Implementing Response Caching

When automating browser tasks with repeated requests or expensive operations, response caching improves performance and reduces API costs. This guide shows how to implement a robust caching system for Puppeteer and Playwright scripts.

Benefits and use cases

Response caching provides:

  • Performance improvement: Avoid repeated expensive operations
  • Reduced costs: Minimize unnecessary requests to Browserless and external services
  • Better reliability: Serve cached content when requests fail
  • Faster development: Speed up testing cycles

Use caching for data scraping workflows, API testing, content analysis, and multi-step automation where intermediate results can be reused.

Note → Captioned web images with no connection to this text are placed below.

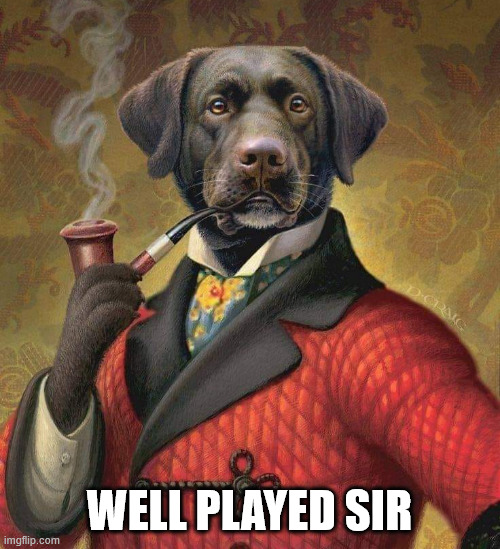 WELL PLAYED SIR | made w/ Imgflip meme maker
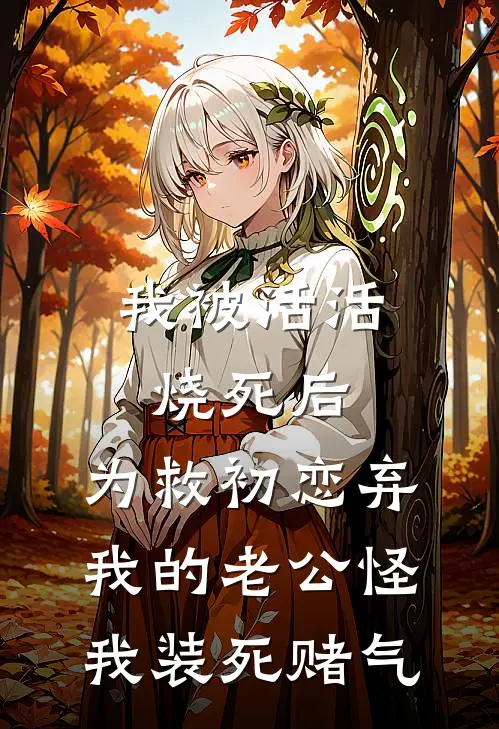 我被活活烧死后，为救初恋弃我的老公怪我装死赌气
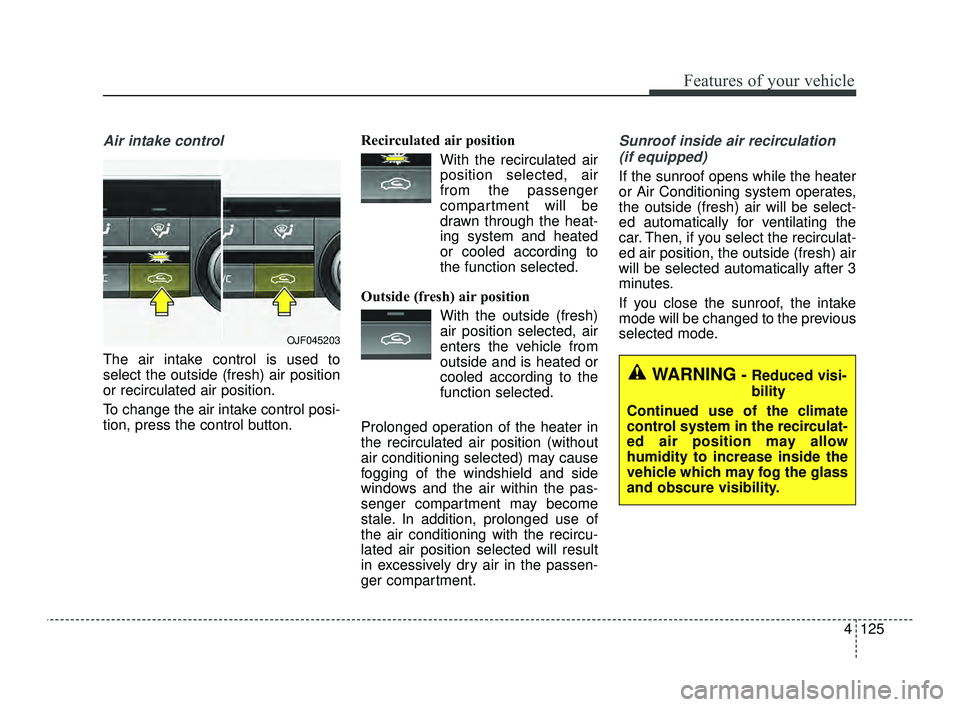 KIA OPTIMA 2019 Owners Manual 4125
Features of your vehicle
Air intake control
The air intake control is used to
select the outside (fresh) air position
or recirculated air position.
To change the air intake control posi-
tion, p KIA OPTIMA 2019 Owners Manual 4125
Features of your vehicle
Air intake control
The air intake control is used to
select the outside (fresh) air position
or recirculated air position.
To change the air intake control posi-
tion, p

ResponseCache implementation

Here's a file-based caching system with configurable TTL and automatic cleanup:

import fs from 'fs';
import crypto from 'crypto';

class ResponseCache {
constructor(cacheDir = './cache', ttl = 300000) {
this.cacheDir = cacheDir; // Directory to store cache files
this.ttl = ttl; // Time-to-live in milliseconds
this.ensureCacheDir();
}

// Create cache directory if it doesn't exist
ensureCacheDir() {
if (!fs.existsSync(this.cacheDir)) {
fs.mkdirSync(this.cacheDir, { recursive: true });
}
}

// Generate unique cache key from URL and options
getCacheKey(url, options = {}) {
const data = JSON.stringify({ url, ...options });
return crypto.createHash('md5').update(data).digest('hex');
}

// Retrieve cached response if valid and not expired
get(url, options = {}) {
const key = this.getCacheKey(url, options);
const filePath = `${this.cacheDir}/${key}.json`;

if (fs.existsSync(filePath)) {
const data = JSON.parse(fs.readFileSync(filePath, 'utf8'));
// Check if cache entry is still valid
if (Date.now() - data.timestamp < this.ttl) {
console.log(`Cache hit for ${url}`);
return data.response;
}
}
return null;
}

// Store response in cache with timestamp
set(url, response, options = {}) {
const key = this.getCacheKey(url, options);
const filePath = `${this.cacheDir}/${key}.json`;

const data = {
timestamp: Date.now(),
response: response,
url: url,
options: options
};

fs.writeFileSync(filePath, JSON.stringify(data, null, 2));
console.log(`Cached response for ${url}`);
}

// Remove expired cache entries
clearExpired() {
if (!fs.existsSync(this.cacheDir)) return;

const files = fs.readdirSync(this.cacheDir);
let clearedCount = 0;

files.forEach(file => {
if (file.endsWith('.json')) {
const filePath = `${this.cacheDir}/${file}`;
try {
const data = JSON.parse(fs.readFileSync(filePath, 'utf8'));
if (Date.now() - data.timestamp >= this.ttl) {
fs.unlinkSync(filePath);
clearedCount++;
}
} catch (error) {
// Remove corrupted files
fs.unlinkSync(filePath);
clearedCount++;
}
}
});

if (clearedCount > 0) {
console.log(`Cleared ${clearedCount} expired cache entries`);
}
}
}

Usage examples

import puppeteer from "puppeteer-core";

const cache = new ResponseCache('./cache', 300000);

const browser = await puppeteer.connect({
browserWSEndpoint: `wss://production-sfo.browserless.io/?token=YOUR_API_TOKEN_HERE`,
});

const page = await browser.newPage();
const url = 'https://example.com';

let content = cache.get(url);
if (!content) {
await page.goto(url, { waitUntil: 'domcontentloaded' });
content = await page.content();
cache.set(url, content);
}

console.log('Page content length:', content.length);
cache.clearExpired();
await browser.close();

How it works

The cache system operates in four key steps:

  1. Generate cache keys: URLs and options are hashed to create unique identifiers
  2. Check for cached data: Before making requests, check if valid cached data exists
  3. Validate freshness: Compare timestamps against TTL to ensure data hasn't expired
  4. Store responses: Cache fresh responses with timestamps for future use

Advanced usage

You can include request-specific options in cache keys for different scenarios:

const cacheOptions = { userAgent: 'mobile', viewport: { width: 375, height: 667 } };

let content = cache.get(url, cacheOptions);
if (!content) {
await page.setUserAgent('Mozilla/5.0 (iPhone; CPU iPhone OS 14_0 like Mac OS X)');
await page.setViewportSize({ width: 375, height: 667 });
await page.goto(url);
content = await page.content();
cache.set(url, content, cacheOptions);
}

Configuration notes

TTL examples: Static content (15-60 min), dynamic content (1-5 min), development (30 sec - 2 min)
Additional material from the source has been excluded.